Ao enviar o projeto de LOA (Lei Orçamentária Anual) ao Congresso Nacional, o governo federal destinou R$ 89 bilhões para pagamento de precatórios em 2022. No entanto, para custear o novo programa social (Auxílio Brasil), a equipe econômica pretende fazer o pagamento de menos da metade desse valor no ano que vem. Seria algo em torno de R$ 39 bilhões.
Para abrigar o programa neste ano, o governo já tomou algumas iniciativas. Uma delas foi aumentar a alíquota do IOF (Imposto sobre Operações Financeiras) para algumas operações nas quais o tributo incide. Agora, trabalha pela aprovação da PEC dos Precatórios no Congresso Nacional.
Um dos pontos de maior impasse na PEC dos Precatórios é que o texto altera o teto de gastos (regra que limita as despesas do governo às do ano anterior, corrigidas apenas pela inflação), além de limitar o próprio pagamento de precatórios, que são determinados por outro Poder, o Judiciário.
Governo envia PEC dos Precatórios
Em agosto, o presidente do STF (Supremo Tribunal Federal), ministro Luiz Fux, que também preside o CNJ, afirmou que os precatórios serão pagos e que não haverá “calote”.
O ministro propôs que a equipe econômica do governo federal buscasse o valor total de precatórios quitados pelo governo em 2016, ano em que foi criada a regra do teto de gastos, com a aplicação da correção sobre o valor. O resultado dessa conta, seria a parcela a ser quitada de precatórios no próximo ano.
Em contraponto, ainda em agosto, a equipe econômica do governo enviou sua própria proposta ao Congresso Nacional através da PEC dos Precatórios que está em tramitação. A ideia era parcelar as dívidas judiciais, fazendo com que o governo economizasse R$ 33 bilhões no próximo ano e respeitasse a regra do teto.
Em resposta ao ministro Fux, o governo federal afirmou que a proposta não seria um calote, mas sim uma forma de compatibilizar o pagamento dos precatórios com a regra do teto de gastos, além liberar mais espaço para o financiamento de programas como o Auxílio Brasil.
Contudo, aumentando a tensão da negociação, o presidente do Senado, Rodrigo Pacheco (DEM-MG), o ministro Paulo Guedes (Economia) e o presidente da Câmara, Arthur Lira (PP-AL), anunciaram no dia 21 de setembro que o governo federal desistiu do parcelamento dos precatórios, ideia prevista inicialmente na PEC.

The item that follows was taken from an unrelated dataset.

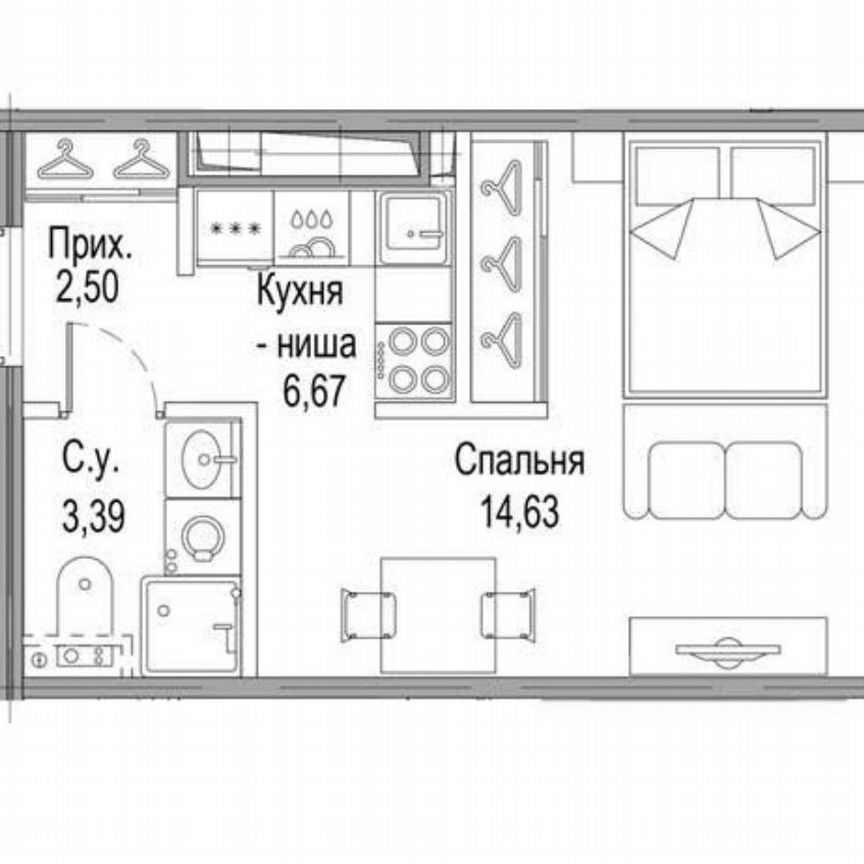 Квартира-студия, 27,2 м², 3/10 эт.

Agora, o governo discute com congressistas sobre alterações na PEC que permitam o uso dos precatórios na venda de ativos. Isto é, as dívidas judiciais seriam utilizadas pelos credores na compra de imóveis da União, na privatização de estatais, em leilões de concessão ou no abatimento de dívidas com a Receita Federal.

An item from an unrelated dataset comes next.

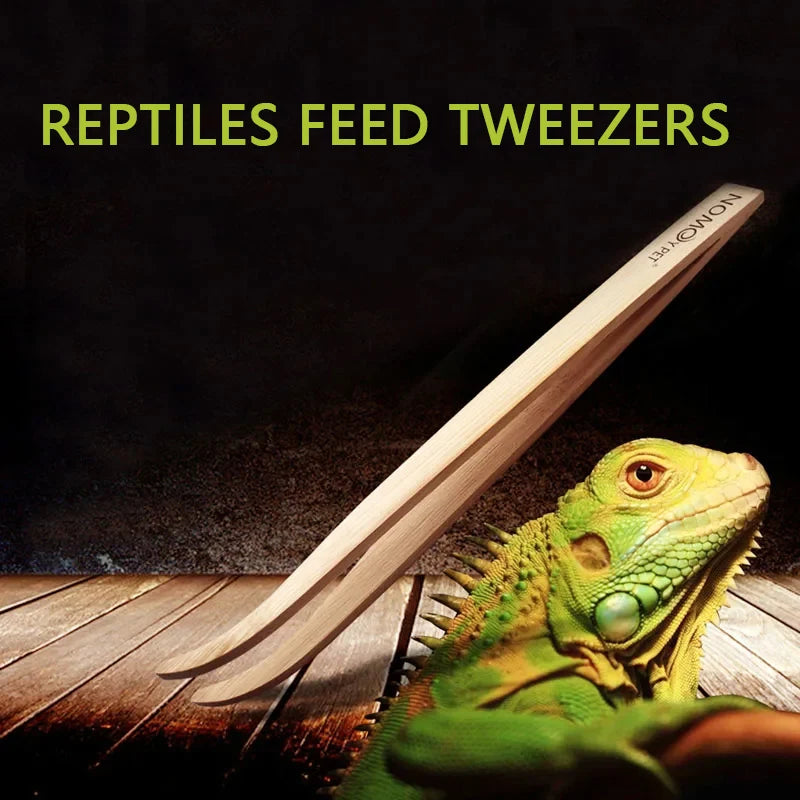 Reptile 16.5/28cm Bamboo Reptile Feeding Tongs Tweezers Long Handle Food Tongs Terrarium Eco Friendly Cleaning and Feeding Tools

Tramitação da PEC dos Precatórios
PECs são proposições legislativas mais difíceis de serem aprovadas, por se tratarem de emendas à Constituição. Para ser aprovada na Câmara, uma PEC precisa dos votos de 3/5, em 2 turnos de votação. Do total de 513 deputados, portanto, são necessários 308 votos a favor do texto.

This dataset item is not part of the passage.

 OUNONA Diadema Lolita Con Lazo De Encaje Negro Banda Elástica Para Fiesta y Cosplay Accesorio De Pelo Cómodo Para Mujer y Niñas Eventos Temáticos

A Câmara aprovou no dia 9 de novembro a PEC dos Precatórios em 2ª turno, com 323 votos a favor, 172 contra e 1 abstenção. Antes, em 1º turno, o texto tinha sido aprovado com uma margem apertada: 312 votos. Para garantir a votação, o presidente da Câmara autorizou deputados em missão oficial no exterior a votar remotamente.
Agora aprovado em 2 turnos na Câmara, o texto seguiu para o Senado, onde precisará do apoio de pelo menos 49 senadores de um total de 81. A votação também precisa ocorrer em 2 turnos. É justamente no Senado onde o governo federal tem mais dificuldades de articulação política.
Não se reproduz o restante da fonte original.